__TASK DATA__
.....

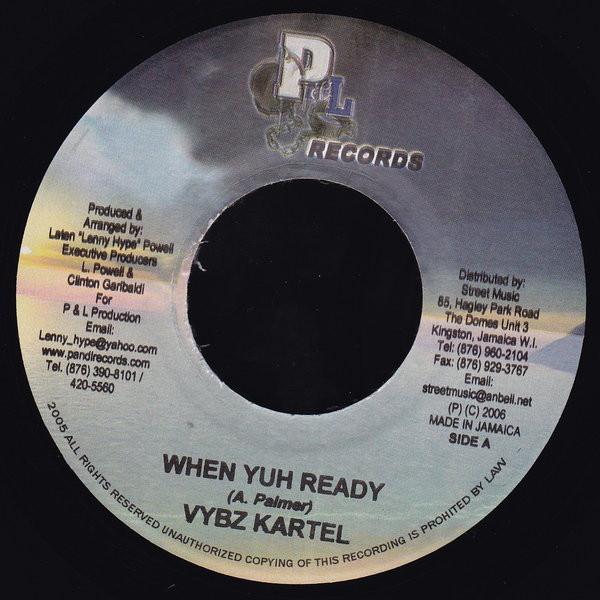 Vybz Kartel - When Yuh Ready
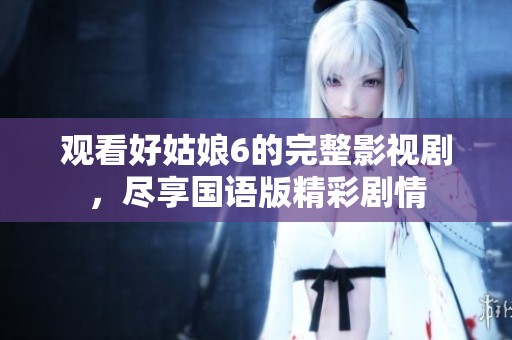 观看好姑娘6的完整影视剧，尽享国语版精彩剧情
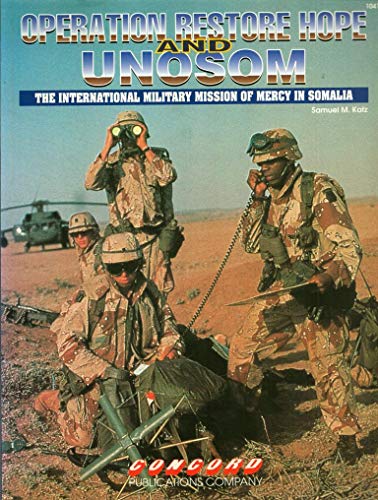 Operation Restore Hope and Unosom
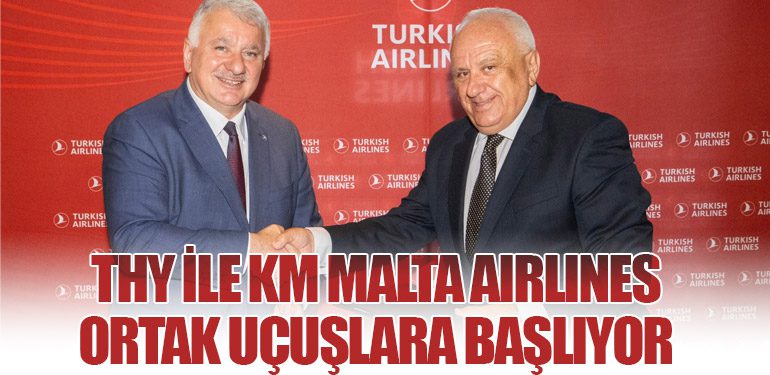 Türk Hava Yolları ile KM Malta Airlines Ortak Uçuşlara Başlıyor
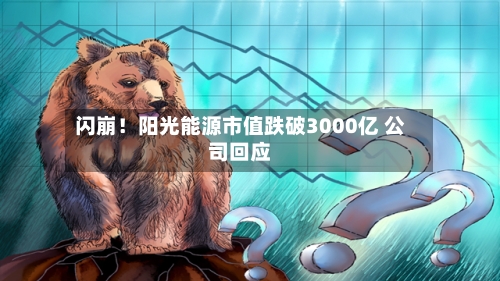 闪崩!阳光能源市值跌破3000亿 公司回应-第3张图片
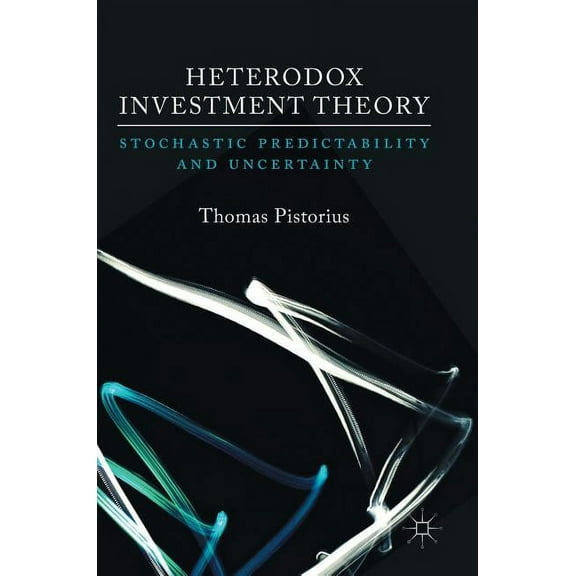 Heterodox Investment Theory: Stochastic Predictability and Uncertainty, (Hardcover)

.....

__PROBLEM__
With the pictures removed, set down every line of the listing above exactly.

__RESPONSE AREA__
 Vybz Kartel - When Yuh Ready
 观看好姑娘6的完整影视剧，尽享国语版精彩剧情
 Operation Restore Hope and Unosom
 Türk Hava Yolları ile KM Malta Airlines Ortak Uçuşlara Başlıyor
 闪崩!阳光能源市值跌破3000亿 公司回应-第3张图片
 Heterodox Investment Theory: Stochastic Predictability and Uncertainty, (Hardcover)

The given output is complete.